Normalising against Bitcoin’s recovery, Cardano should be trading at $0.71, but it’s under $0.10, Stellar should be around $0.56, but it’s $0.16, Bitcoin cash should be over $2,000, but it’s $515, and Ethereum should be $750, but instead it’s $316. Litecoin is doing better. It should be around $200, but instead, Litecoin is trading close to $146.
Yes, these coins are all going up, but it’s apparent average Joe, who, during a frenzy, drove prices into the December 2017 highs, is not yet piling back in, and, if that assumption is correct, what or who is driving Bitcoin higher?
Using data from Bitinfocharts.com, the number of Bitcoin active addresses is slightly less than in April 2019, but since this time Bitcoin’s price has doubled.
Turning to social media for clues, the number of tweets has recently spiked, but Twitter activity is still below where it was in late 2018.

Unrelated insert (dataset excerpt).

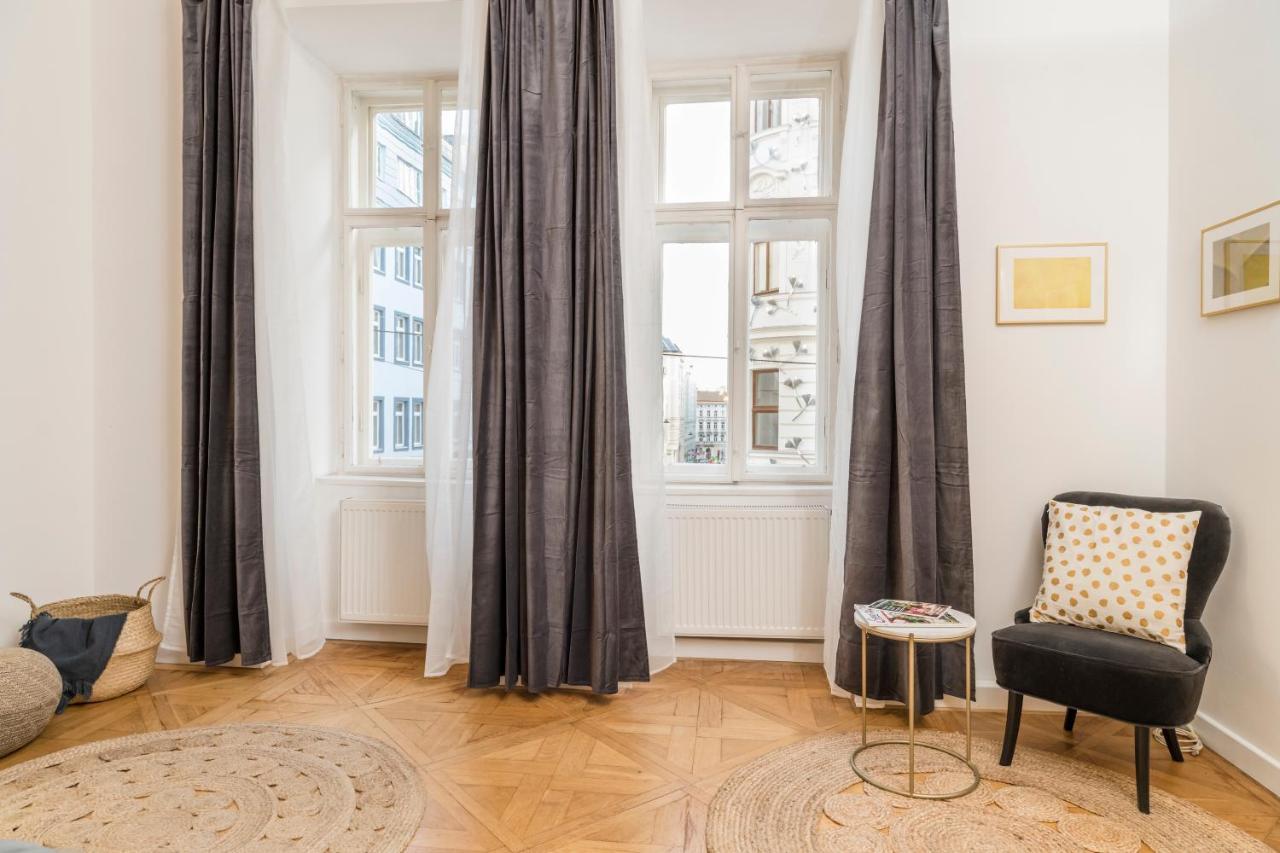 Luxury Suites Mariahilf Vienna Exterior photo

Google trends, although also having spiked recently, is still below the activity seen at the end of November 2018, and back then Bitcoin was still in a downtrend trading at less than $4,000.
One of the most powerful skills behind investing in anything is your own experience.
Peter Lynch has one of the most successful fund managing track records ever, popularising the idea that making investment decisions does not have to be complicated.
Who is Peter Lynch? Lynch managed the Fidelity Magellan fund from 1977 until his retirement in 1990. During this time, Lynch grew the fund from $18 million to over $14 billion, averaging over 29% per year for investors in the fund.
Using the rule of 72, Lynch’s yearly average returns of 29% would have doubled your money over four times in thirteen years. If you had invested $10,000 on the day that Lynch started at Magellan, you would have over $280,000 on the day he retired.
Lynch’s idea is simple too, so simple the majority underestimate its effectiveness. Don’t.
Lynch believed that most people have advantages that fund managers do not, yet don’t even realise it. Lynch called this local knowledge. It’s the field you work in, the area you live, and your observations of the behavioral patterns of the people you know. It’s also your own habits and observations as you experience a product as a consumer.
Using Lynch’s technique, have your friends and family mentioned cryptocurrency? Does anyone you know own Bitcoin? At work, are people talking about Bitcoin or alt-coins? And, are you listening to conversations in coffee shops?
Use the feedback you get from your observations like a statical exit poll during an election. Compare the current price action and observations with times when everyone wanted in at any price like in November and December 2017. Did anyone in your social circle buy cryptocurrency then, and if so, what about now, are they buying again, or did they lose money and get frightened off?
Facebook is launching a cryptocurrency. Named Libra, Facebook is developing a stablecoin. News of Facebook working on its own cryptocurrency is not new, it’s been around for a while, but the release of the white paper is being used as a probable reason for Bitcoin’s $2,000 move this week.
All traded markets are discounting mechanisms, pricing in the expected, reacting to the unexpected. It’s the reason companies can announce dreadful results and yet rally in price because the results, though terrible, were better than expected.
Is the move in Bitcoin factoring in not Facebook’s cryptocurrency debut, but the potential of Facebook’s entry into the cryptocurrency space?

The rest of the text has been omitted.